> Supplied records
== Segment start ==

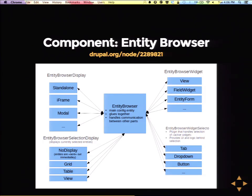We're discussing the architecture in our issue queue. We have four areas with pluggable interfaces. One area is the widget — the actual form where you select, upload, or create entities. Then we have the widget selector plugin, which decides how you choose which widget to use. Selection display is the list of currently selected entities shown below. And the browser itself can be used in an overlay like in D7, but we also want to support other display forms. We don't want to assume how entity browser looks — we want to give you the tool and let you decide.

== Segment end ==
== Segment start ==

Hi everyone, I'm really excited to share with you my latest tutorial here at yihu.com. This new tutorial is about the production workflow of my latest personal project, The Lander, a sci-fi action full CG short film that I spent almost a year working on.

== Segment end ==
== Segment start ==

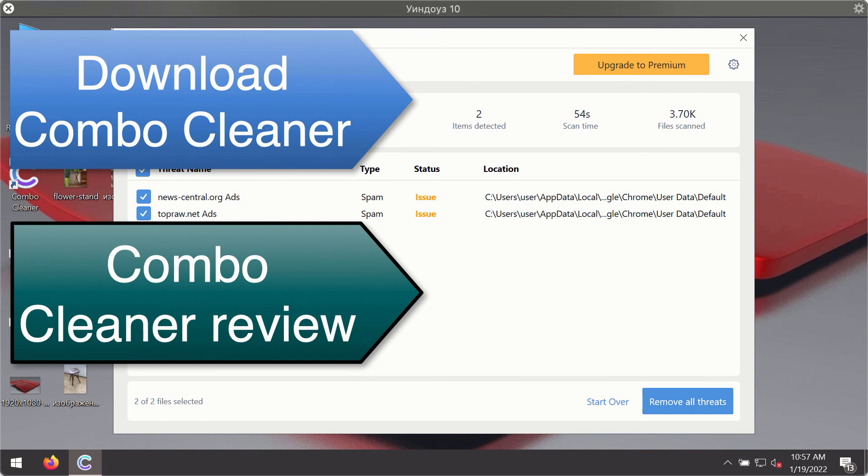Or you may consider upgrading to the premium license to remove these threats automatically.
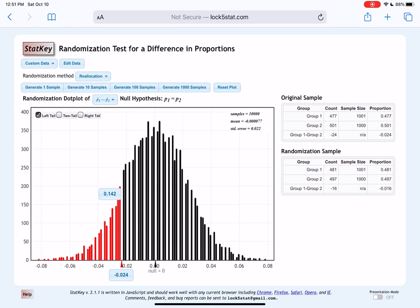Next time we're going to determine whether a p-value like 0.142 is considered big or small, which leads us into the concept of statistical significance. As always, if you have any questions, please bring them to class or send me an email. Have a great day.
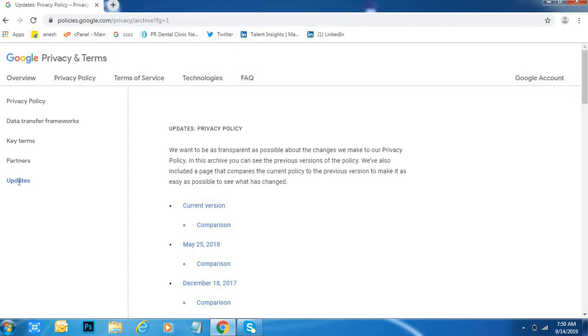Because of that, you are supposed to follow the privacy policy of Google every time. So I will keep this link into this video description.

== Segment end ==

> What you need to do
The answer is those lines of the material above that run from the one containing "Next time we're" up to and including the one containing "Because of that, you", restated exactly and without images.

> Output for this task
Next time we're going to determine whether a p-value like 0.142 is considered big or small, which leads us into the concept of statistical significance. As always, if you have any questions, please bring them to class or send me an email. Have a great day.
Because of that, you are supposed to follow the privacy policy of Google every time. So I will keep this link into this video description.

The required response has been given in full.